EXERCISE
Using the records below, write out only the lines from the line containing "Used 2015 Dodge" up to and including the line containing "Tory Burch Black", exactly, with no pictures.

Start of MATERIAL FOR THIS TASK

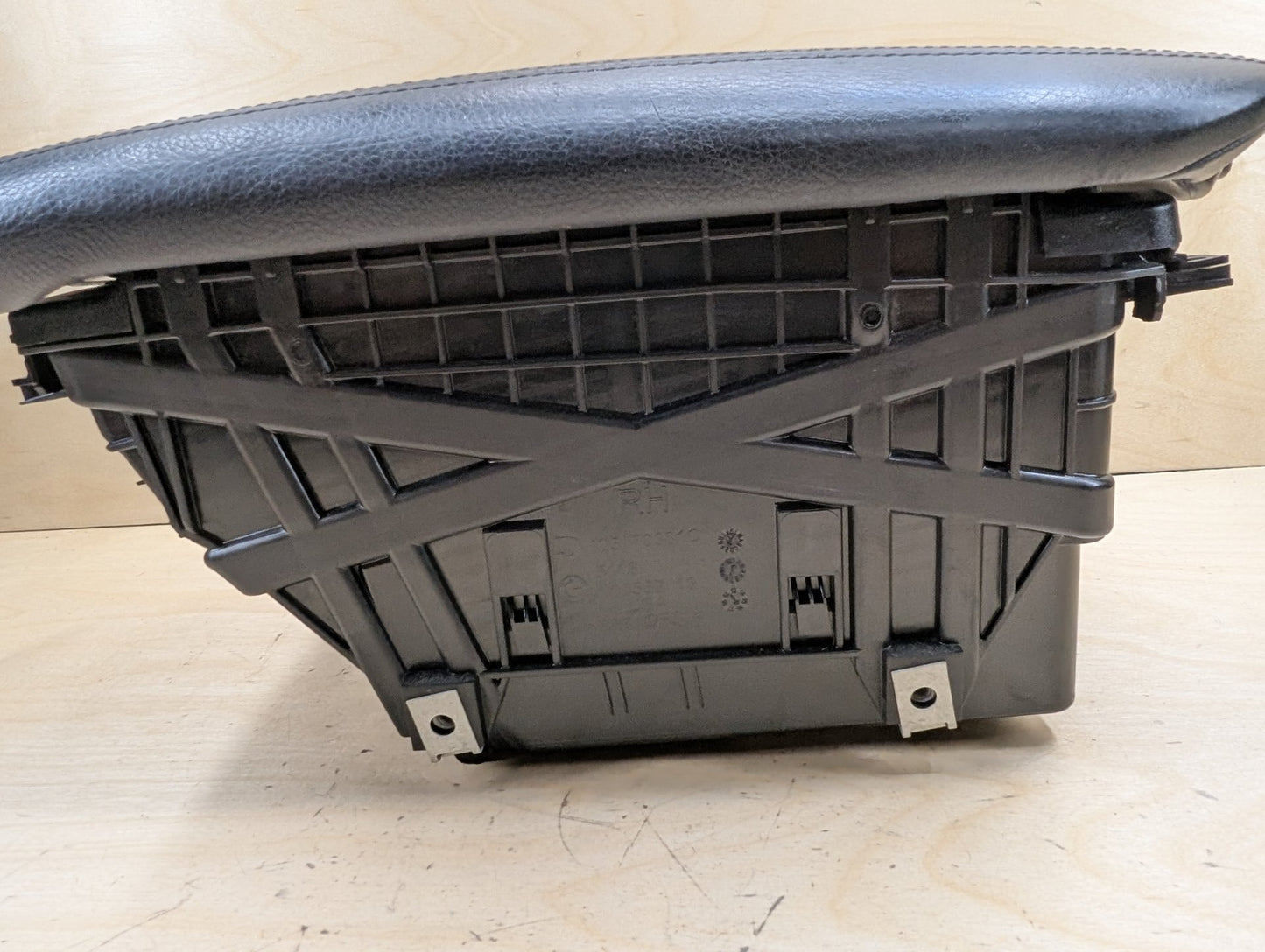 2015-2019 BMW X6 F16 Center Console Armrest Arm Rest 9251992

End of MATERIAL FOR THIS TASK
Start of MATERIAL FOR THIS TASK

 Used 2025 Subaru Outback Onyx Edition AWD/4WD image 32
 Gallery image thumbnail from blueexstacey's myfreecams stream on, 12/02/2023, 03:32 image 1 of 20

End of MATERIAL FOR THIS TASK
Start of MATERIAL FOR THIS TASK

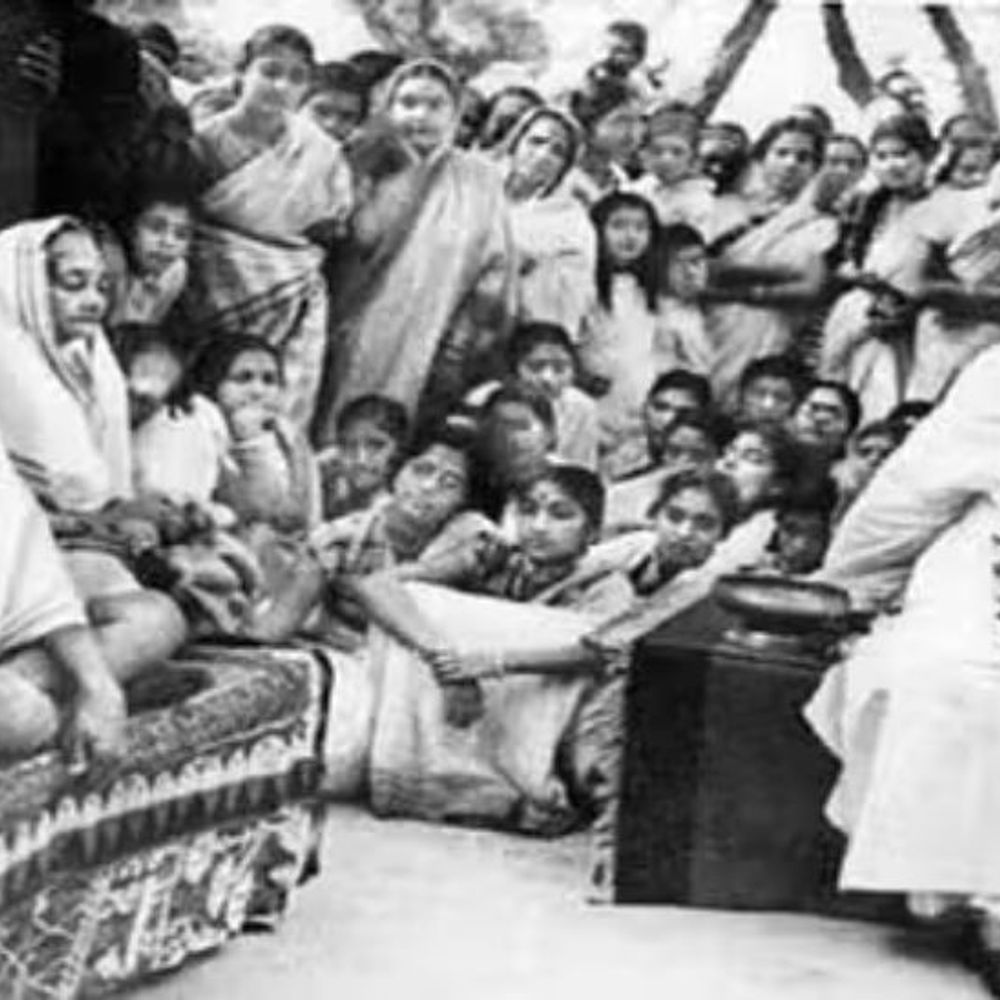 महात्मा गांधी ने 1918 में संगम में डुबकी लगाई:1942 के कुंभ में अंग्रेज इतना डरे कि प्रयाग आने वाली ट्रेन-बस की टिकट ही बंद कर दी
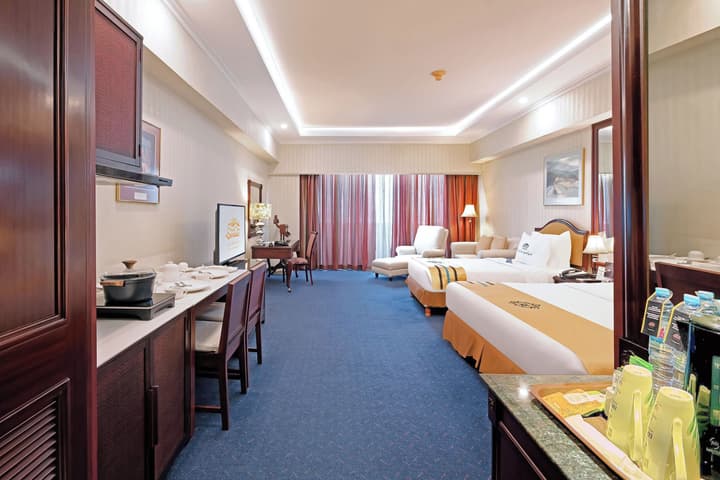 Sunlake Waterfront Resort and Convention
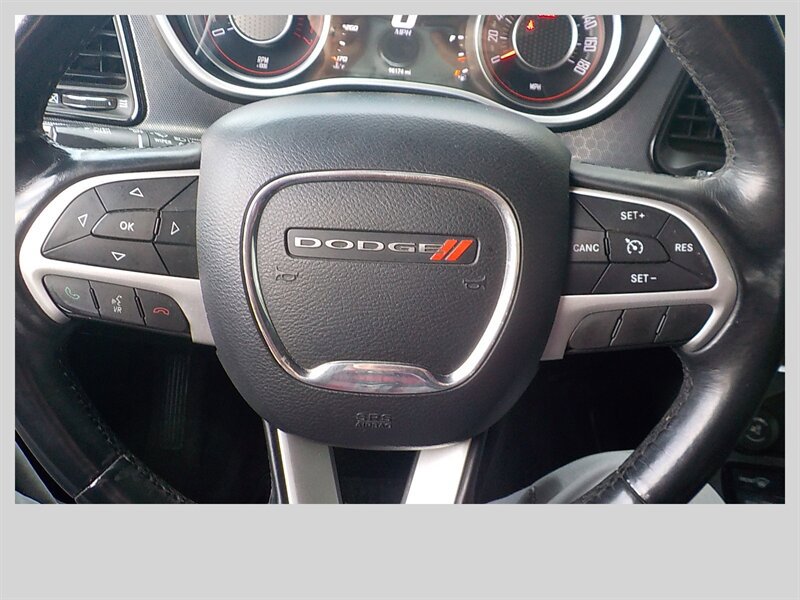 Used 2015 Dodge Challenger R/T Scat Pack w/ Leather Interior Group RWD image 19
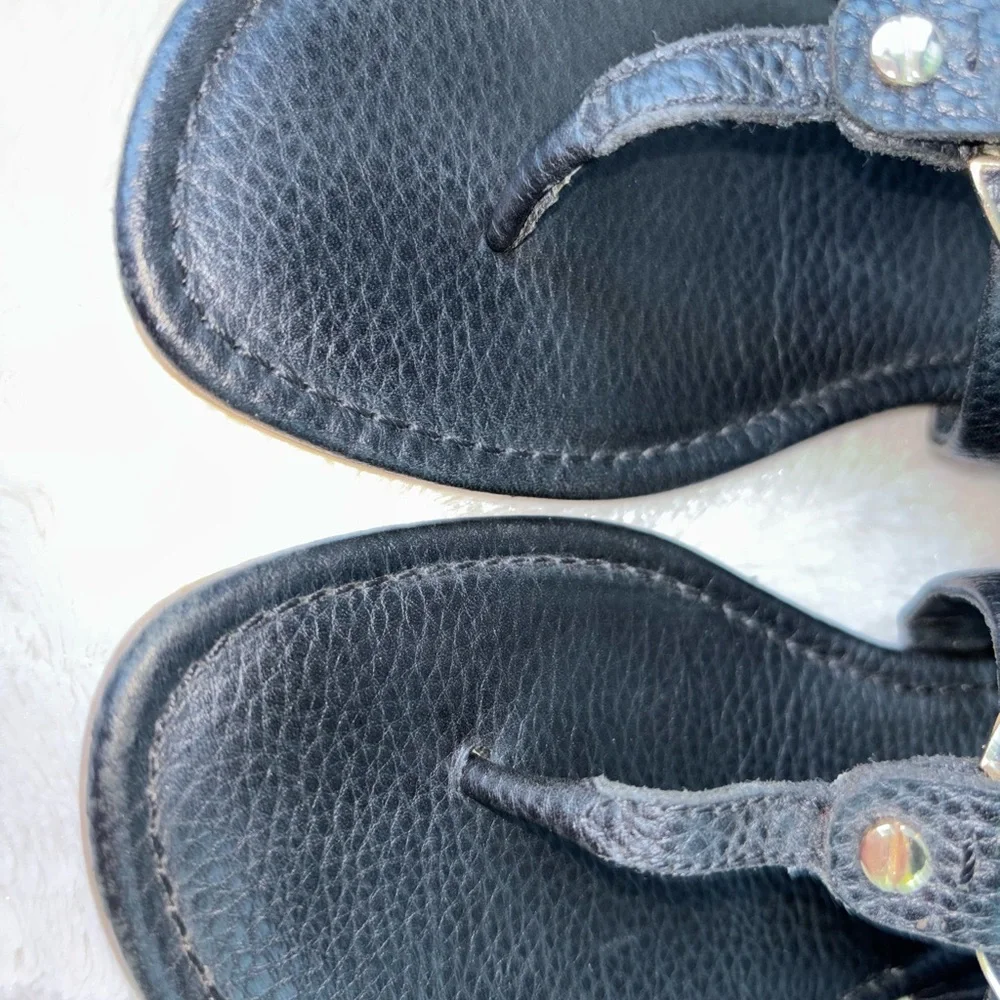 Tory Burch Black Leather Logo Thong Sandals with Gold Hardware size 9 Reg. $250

End of MATERIAL FOR THIS TASK

ANSWER BOX
 Used 2015 Dodge Challenger R/T Scat Pack w/ Leather Interior Group RWD image 19
 Tory Burch Black Leather Logo Thong Sandals with Gold Hardware size 9 Reg. $250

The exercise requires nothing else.